Developing therapies for rare diseases has always come with a unique set of challenges. Now, a pandemic has dramatically shifted the attention of the industry and introduced new hurdles - forcing orphan developers into a critical re-examination of their go-to-market strategies. In this webinar, Endpoints convenes four orphan drug developers who will share what they've learned so far and detail how they plan to fortify their programs. We'll also release results of our Orphan Drug Survey, which will provide additional insights from hundreds of Endpoints readers at orphan drug companies.
Cornell Stamoran serves as Vice President of Strategy and Government Affairs for Catalent Pharma Solutions, and is a founder and Chair of Catalent's Applied Drug Delivery Institute. Cornell has worked in drug delivery for nearly 30 years, spanning oral, injectable, respiratory, ophthalmic and other routes of delivery for drugs, biologics, cell and gene therapies, and consumer health products. Cornell was recognized as a top Industry Influencer in Medicine Maker magazine's 2018 and 2019 Power Lists.
Cornell is a trustee of the Pharma/Biopharma Outsourcing Association; serves as treasurer on the board and chairs the Industry Advisory Group of the Controlled Release Society; is an Inspiring Notes editor for Drug Delivery and Translational Research, and serves on the Editorial Advisory Board of Drug Development and Delivery magazine and for several key industry conferences. Cornell has published more than two dozen articles on drug delivery, patient-focused drug design, and pharmaceutical outsourcing, and frequently speaks and posts on these topics. Cornell also served on the cross-Industry teams which negotiated GDUFA II and OMUFA I with the FDA, and will be part of the GDUFA III team.
Dr. Stephan is an industry veteran who is considered one of the fathers of the field of precision medicine, having trained with the leadership of the Human Genome Project at the NIH and then going on to lead discovery research at the Translational Genomics Research Institute and serve as professor and chairman of the Department of Human Genetics at the University of Pittsburgh. Stephan has identified the molecular basis of dozens of genetic diseases and published extensively in journals such as Science, the New England Journal of Medicine, Nature Genetics, PNAS and Cell. In parallel, Dr. Stephan has founded or co-founded 14 biotechnology companies and has advised an additional 12 companies. These companies are backed by top-tier investors such as Sequoia Capital, KPCB, Thiel Capital, and Khosla Ventures as well as corporate partners such as Life Technologies, Pfizer, and Mayo Clinic. Dr. Stephan received his Ph.D. from the University of Pittsburgh and his B.S. from Carnegie Mellon University.
Eric Green joined Alnylam in 2015 and is currently Senior Vice President and General Manager of the TTR Program, comprising ONPATTRO (patisiran) and vutrisiran. Both products aim to treat ATTR amyloidosis, an orphan disease. He has led the TTR Program through pivotal clinical development, global regulatory submissions and ongoing global commercial launches.

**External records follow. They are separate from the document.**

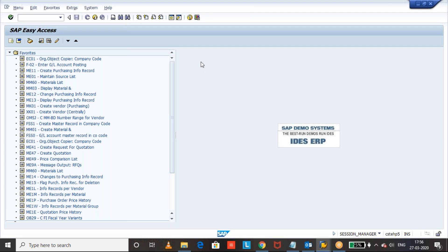If you know the background of Retainable Transport Packaging, whenever you procure materials, the vendor can provide you Retainable Transport Packaging Materials. The packaging material has a cost and the vendor needs the same packaging material back to his location so that he can refill the material and provide it again.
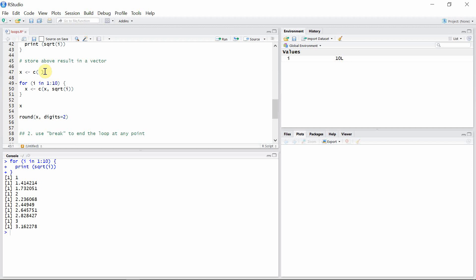Let's create that empty vector. We have the same loop here, except that we have created a vector x using a concatenation function. We have concatenated the empty vector x we created above with all the values of the square root that the loop will calculate.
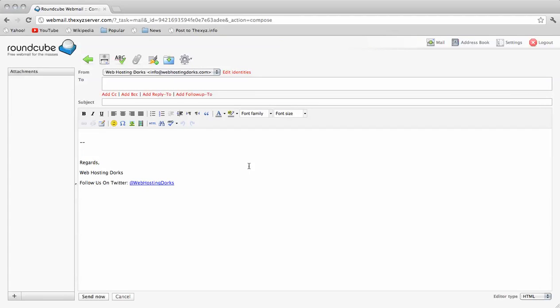That's how you create a signature with links and HTML using the webmail platform. Thanks for watching. Bye for now.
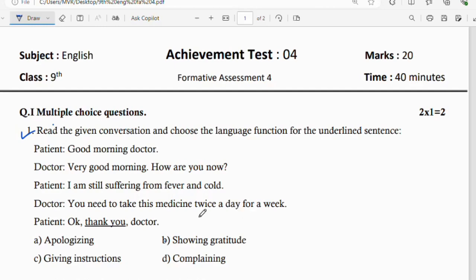The patient replies: okay, thank you, doctor. The underlined phrase is 'thank you.' The four options are: apologizing, showing gratitude, giving instruction, and complaining. Since the patient says 'thank you,' the correct answer is showing gratitude.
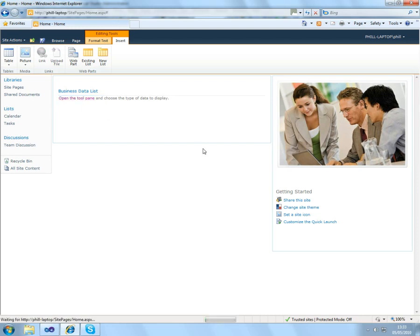I can open up my business data list, and then once we have this open, we can have a look in the tool pane, and we should see our new external content type in there.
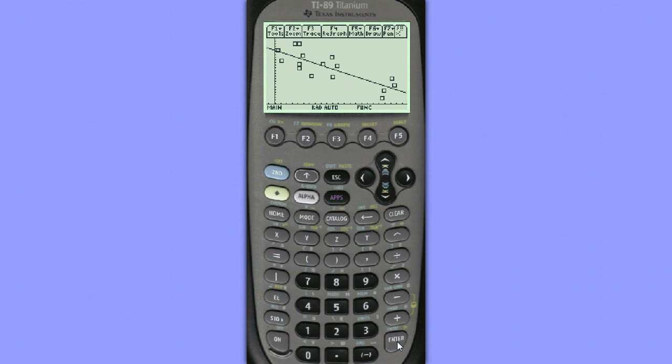So we can see that this line appears to be a pretty good fit with points equally spaced above and below the line.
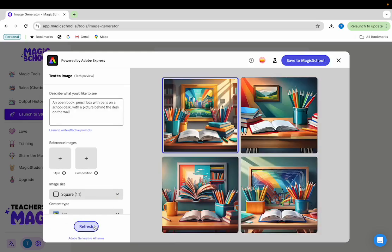And now you'll see four new versions of the image that try to take into account what you've added to your prompt. You can also use the content type and style settings to edit the look of the image that you produce.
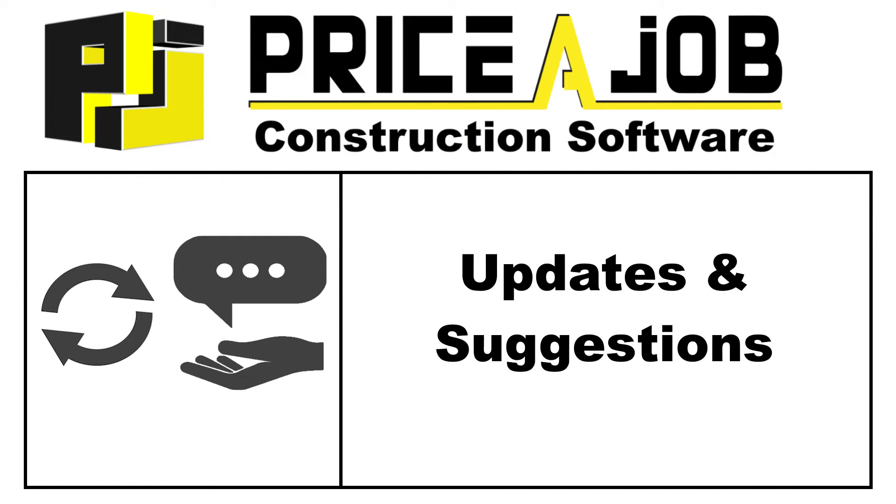Hello and welcome to this Price-a-Job tutorial. In this video we'll be taking a look at the updates and suggestions features.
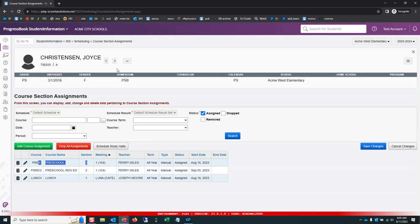You can repeat the process as many times as you need to to get students bulk assigned into course sections.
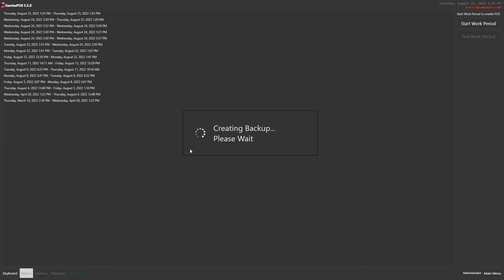The system automatically takes a backup, makes the end work period, and finishes the process.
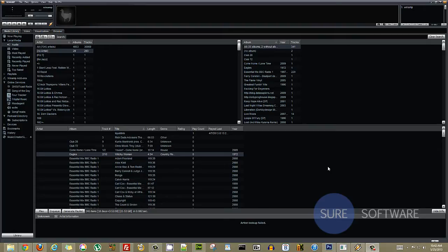Hello and welcome to another Shure Software tutorial with me, Scott Weber. Today we're going to be taking a look at Winamp 5.63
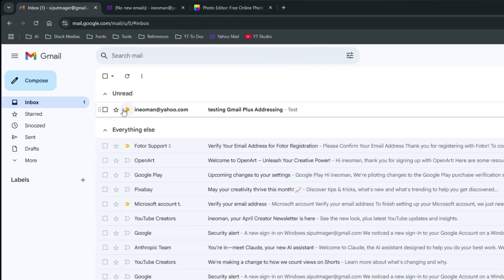So again, as you can see here, the email I sent to sipulmager plus shopping also arrives in my sipulmager's inbox.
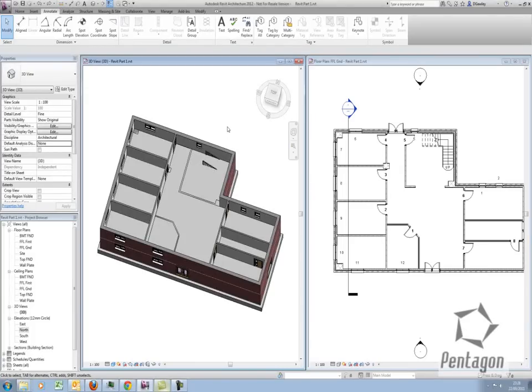Hi, this is Dave Gawley. Welcome to part 3 of this Autodesk Revit Architecture 2012 presentation. Last time we had a look at adding in some doors, walls and windows and then copying up to the first floor.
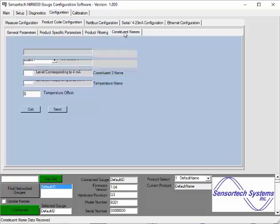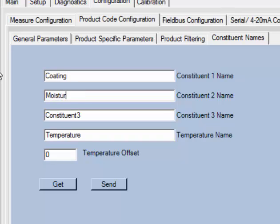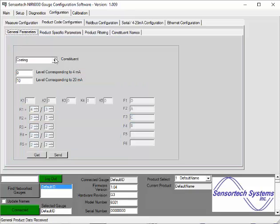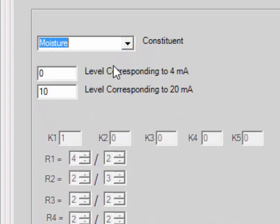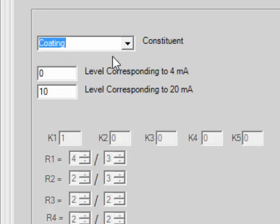Selecting between Constituent 1 and Constituent 2 will change between the factory settings for each of the constituents. You can edit the constituent names in the Constituent Names tab by changing the text and selecting the Send button. Note that these names are generally set at the factory and you will receive the analyzer with the names already in place, although you do have the option to change these names as desired. The constituent names will be changed and this will be reflected in the Constituent drop-down menu back in the General Parameters tab. The factory set R1 ratio is set for each constituent and you will see the change when switching between Coating and Moisture.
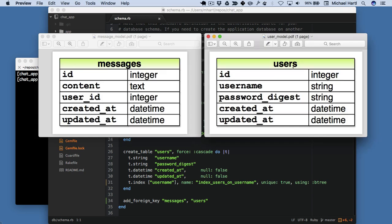That corresponds to these data models — we've got messages here and then user_id indexes into the users, and otherwise it's just a standard user model.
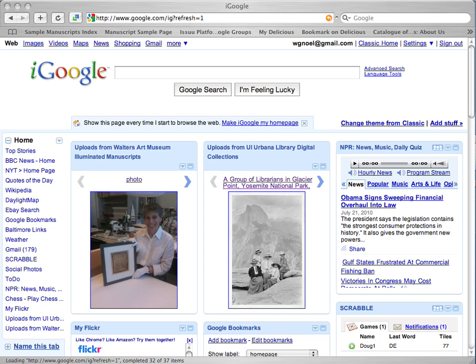This is a short and informal demonstration of how to use the Archimedes Palimpsest Digital Viewer. First, you need to go to www.digitalpalimpsest.org.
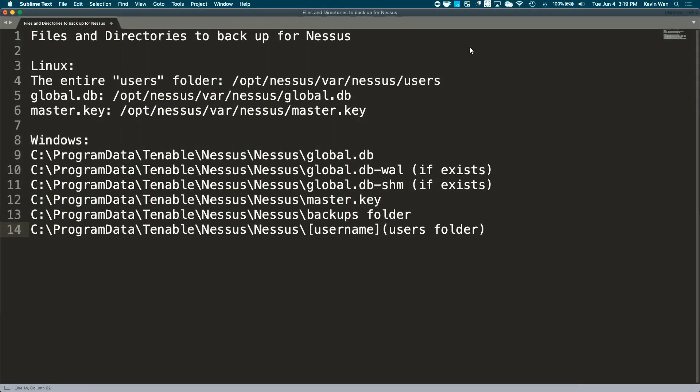Today, we will go through the process of backing up your Nessus scanner on both Linux and Windows. Please make note of the files and directories listed here as to which you will need to backup.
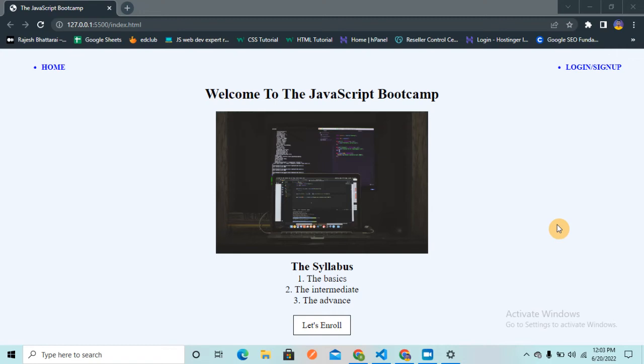Hey guys, welcome back to the channel. In this video we are going to discuss all about web accessibility. I'm going to share some practical tips to improve the accessibility of your website. You might have read different blogs and articles to improve the accessibility of your websites, but here I'm not going to share any kind of theoretical knowledge.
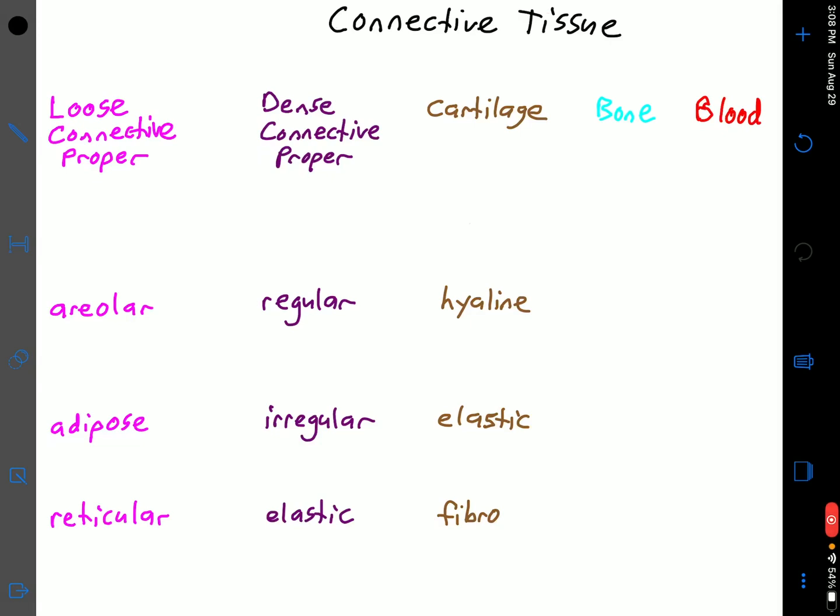Hello. In this video we're going to go through the second of the four tissue types, and perhaps the most difficult to identify because of the sheer diversity present within this category. Just like what we did with epithelial tissue, we're going to start from the top and discuss what makes connective tissue different from the other three tissue types, then get into the different subtypes, working our way to the most specific connective tissue types and what makes them unique.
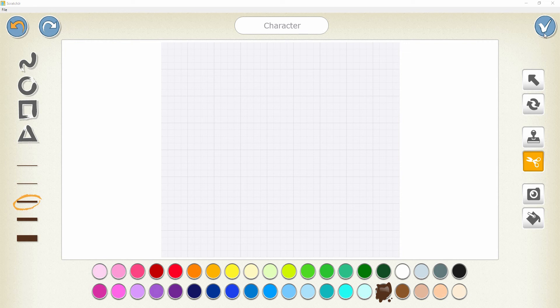This is the save button. It is used to save the character and go back to the Scratch Junior program. Here we can type the file name for the character. This is the undo button and this is the redo button. Using these shapes, thickness of line, and tools, I will create a character.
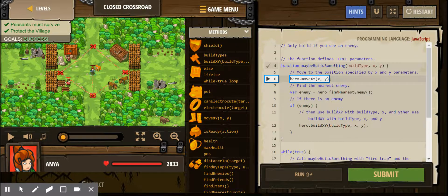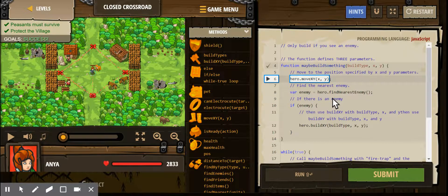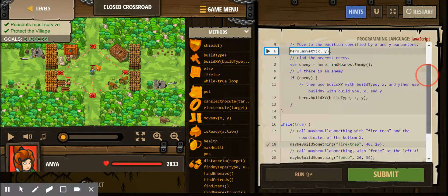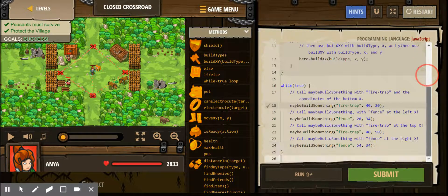Hello everyone, this is from Code Combat Closed Classroom. The goal is to build a wall so the enemies don't come through the village and so we can protect the peasants. This is the code for this level and this is the final product.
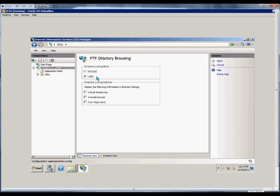The look is slightly different, but everything else is basically the same. We can also display information in the listing, such as virtual directories.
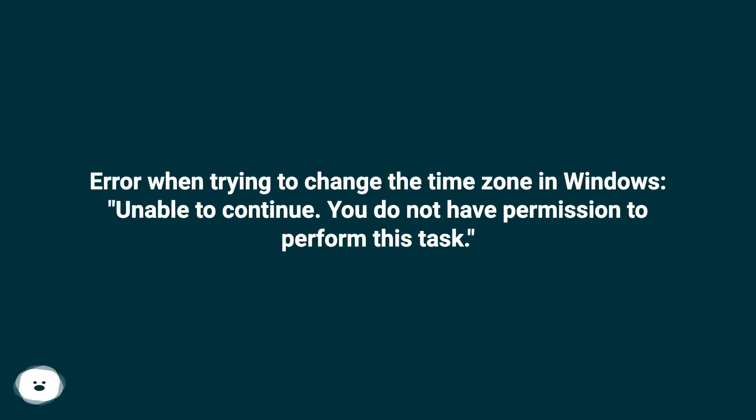Error when trying to change the time zone in Windows: unable to continue. You do not have permission to perform this task.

Previously, Eric worked at Synageva BioPharma, where he was Vice President of Program & Alliance Management. In that role he was responsible for the oversight, management, and leadership of the company’s lead compound being developed as an enzyme replacement therapy for an ultra-orphan genetic disease. Prior to Synageva, he worked in roles of increasing scope and responsibility at Infinity Pharmaceuticals and at Genzyme Corporation. Eric received a Bachelors in Chemical Engineering from the University of Michigan, a Masters in Chemical Engineering from the MIT, and a MBA from the MIT Sloan School of Management.
Kinnari has fifteen years of rare disease Research & Development experience including in Regulatory Science, Pharmacovigilance, Policy and Quality Compliance gained at leading pharmaceutical companies including AstraZeneca, Bristol-Myers Squibb, Novartis, Hoffmann La-Roche and Pfizer. She has led small molecule and biologic development programs from Phase I through Phase IV across multiple therapeutic areas including immuno-oncology, oncology, respiratory, virology, transplantation and metabolism. Most notably, Kinnari worked on Opdivo (nivolumab) from Phase I through BLA filing for metastatic melanoma, RCC and NSCLC, submitted and gained approval of Myalept (metreleptin) for ultra-rare lipodystrophy disease, and submitted Valcyte® (valganciclovir hydrochloride) NDA for prevention of cytomegalovirus disease in pediatric kidney and heart transplant patients.
Kinnari received a B.S. in Biology and Doctorate of Pharmacy from the USciences in Philadelphia, PA and her Executive MBA from NYU Stern School of Business. Most recently, she graduated from the C-Suite Harvard Business School Advanced Management Program.
Arsalan Arif is a news media entrepreneur who set out in 2015 to build his vision of an independent biotech news company at Endpoints News.